Hello!

I'm Stéphane, a robotics researcher in the Willow team at Inria Paris working on visual locomotion and manipulation tasks. I have developed motion control software for HRP-4 humanoids, ANYmal quadrupeds, and Upkie wheeled bipeds. You can read the algorithms in the corresponding publications or grab the code on GitHub. Occasionally, I toot and post technical notes to this website. Don't hesitate to send me an e-mail.

Robot locomotion

What's keeping walking machines from being useful yet? Perhaps it has to do with the way we design their behaviors, which is geared toward repeatable demos and has a hard time dealing with the variability that happens in the real world. For example, the walking controller I worked on for the HRP-4 humanoid achieved relatively complex tasks like stair climbing, but wouldn't know how to react to unscriped situations like banging the head on a ceiling (crouch) or falling forward after missing a step (extend arms). All the strategies it knew were implemented by control systems, where new behaviors come with their own parameters to tune, and the code gets increasingly complex as we try to teach it more and more behaviors.

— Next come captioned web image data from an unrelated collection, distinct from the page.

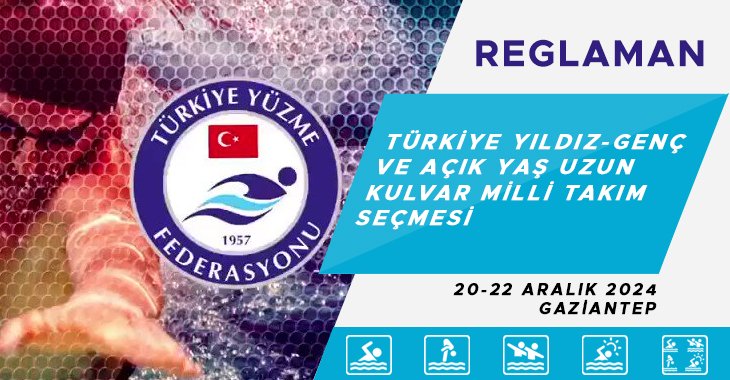 TÜRKİYE YILDIZ-GENÇ VE AÇIK YAŞ UZUN KULVAR MİLLİ TAKIM SEÇMESİ 20-22 ARALIK 2024 GAZİANTEP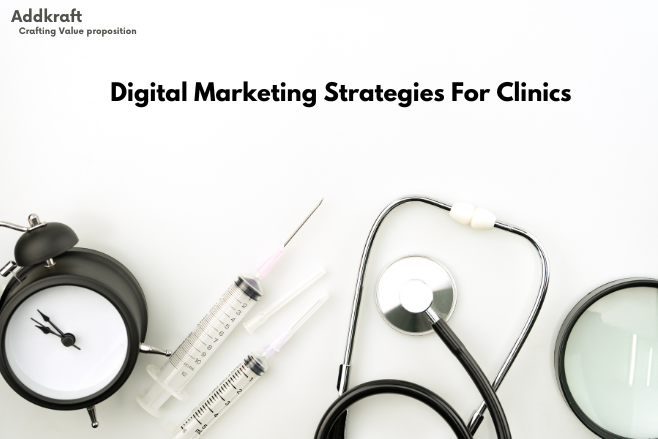 Digital Marketing strategies for clinic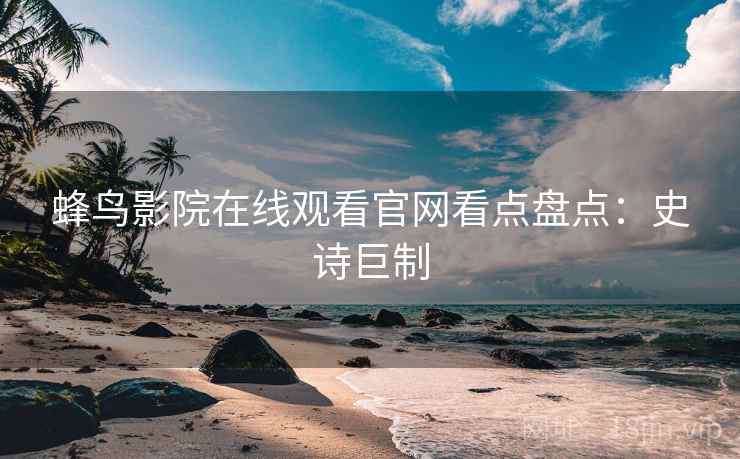 蜂鸟影院在线观看官网看点盘点：史诗巨制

I search for methods and sensory representations that will allow us to go beyond the complexity ceiling we hit with control systems. On the way I built Upkie, a wheeled biped that proudly stands on sawed broomsticks (among other mechanical marvels), is fully makeable at home and moves around with open source locomotion software. Upkie is a great testing partner to try all kinds of things. Its Python brain runs at a slow pace on a Raspberry Pi, which is OK because valuable tasks like balancing can be performed at remarkably low frequencies.

Open access

I'm a strong supporter of open access and was fortunate to be able to release my research works as pre-prints and source code for all but a few exceptions. On top of open access, I see three ways in which the robotics community can improve itself: overlay journals, post-prints, and raising our standards in terms of code distribution.